GMAT : Analysis of An Argument
9. The following appeared in the opinion column of a financial magazine.
On average, middle-aged consumers devote 39 percent of their retail expenditure to department store products and services, while for younger consumers the average is only 25 percent. Since the number of middle-aged people will increase dramatically in the next decade, department stores can expect retail sales to increase significantly during the period. Furthermore, to take advantage of the trend, these stores should begin to replace some of the products intended to attract the younger consumer with products intended to attract the middle-aged consumer.

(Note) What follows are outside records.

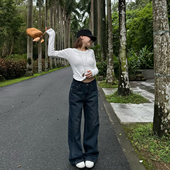 Our2 百搭设计感直筒牛仔蓝洗水牛仔裤 压线牛仔裤 2025秋冬新款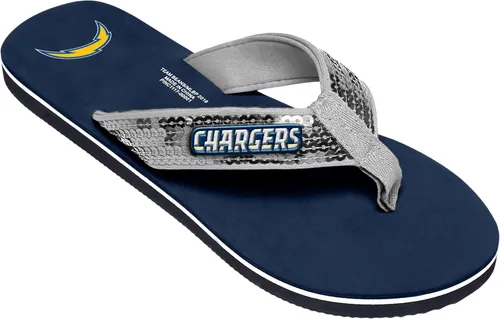 Vista 4 de FOCO Womens NFL Team Logo Sequin Strap Sandals Flip Flops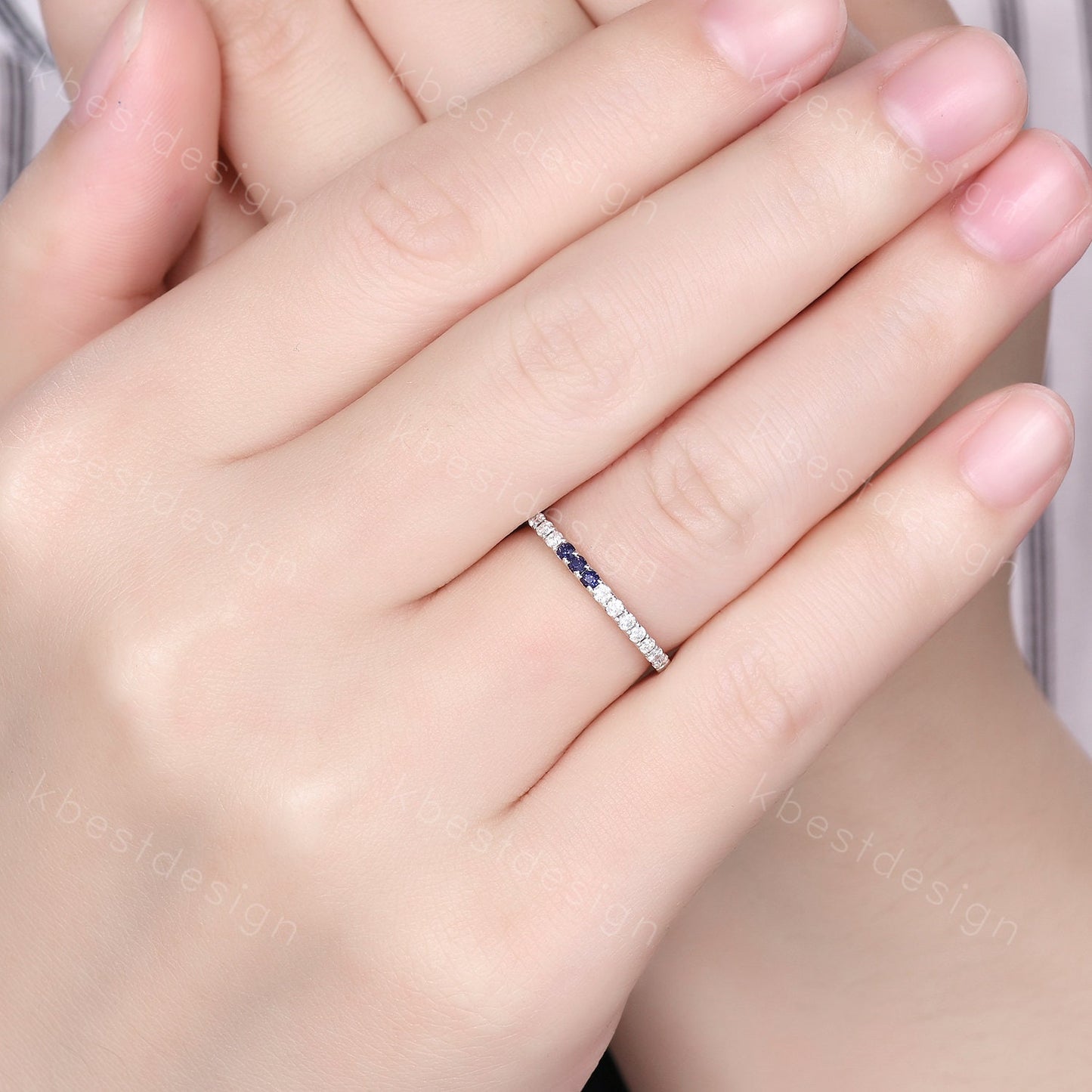 Dainty blue sandstone Moissanite wedding band 1.5mm half eternity band women silver stacking matching band minimalist bridal wedding ring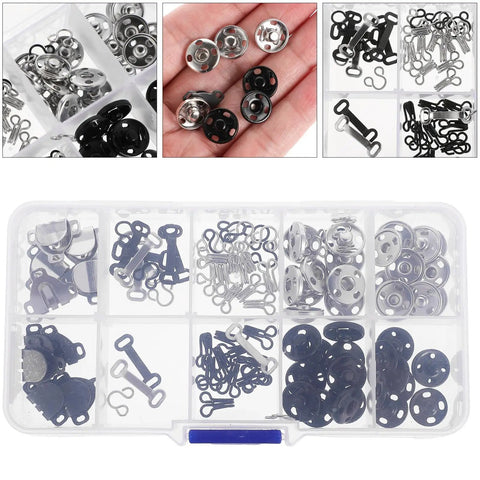 100Pcs Brass Snap Fasteners Garment Accessories Kit For Sewing Projects And DIY Clothing Repairs Including Pant Hooks And Trouser Fasteners Durable Button Snaps, clear organizer box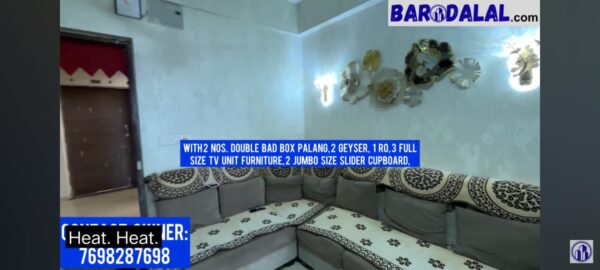 3bhk flat for sale in vadodara, pushpum heights 2, tarsali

Discuss how well reasoned you find this argument. In your discussion be sure to analyze the line of reasoning and the use of evidence in the argument. For example, you may need to consider what questionable assumptions underline the thinking and what alternative explanations or counterexamples might weaken the conclusion. You can also discuss what sort of evidence would strengthen or refute the argument, what changes in the argument would make it more logically sound and what, if anything, would help you better evaluate in conclusion.
Based on an expected increase in the number of middle-aged people during the next decade, the author predicts that retail sales at department stores will increase significantly over the next ten years.
To bolster this prediction, the author cites statistics showing that middle-aged people devote a much higher percentage of their retail expenditure to department store services and products than younger consumers do.
Since the number of middle-aged consumers is on the rise and since they spend more than younger people on department store goods and services, the author further recommends that department stores begin to adjust their inventories to capitalize on this trend.
Specifically, he recommends that department stores increase their inventory of products aimed at middle-aged consumers and decrease their inventory of products aimed at younger consumers. This argument is problematic for two reasons.
First, an increase in the number of middle-aged people does not necessarily portend an overall increase in department store sales. It does so only on the assumption that other population groups will remain relatively constant. For example, if the expected increase in the number of middle-aged people is offset by an equally significant decrease in the number of younger people, there would be little or no net gain in sales.
Second, in recommending that department stores replace products intended to attract younger consumers with products more suitable to middle-aged consumers, the author assumes that the number of younger consumers will not also increase. Since a sizable increase in the population of younger consumers could conceivably offset the difference in the retail expenditure patterns of younger and middle-aged consumers, it would be unwise to make the recommended inventory adjustment lacking evidence to support this assumption.
In conclusion, this argument is unacceptable. To strengthen this argument the author would have to provide evidence that the population of younger consumers will remain relatively constant over the next decade.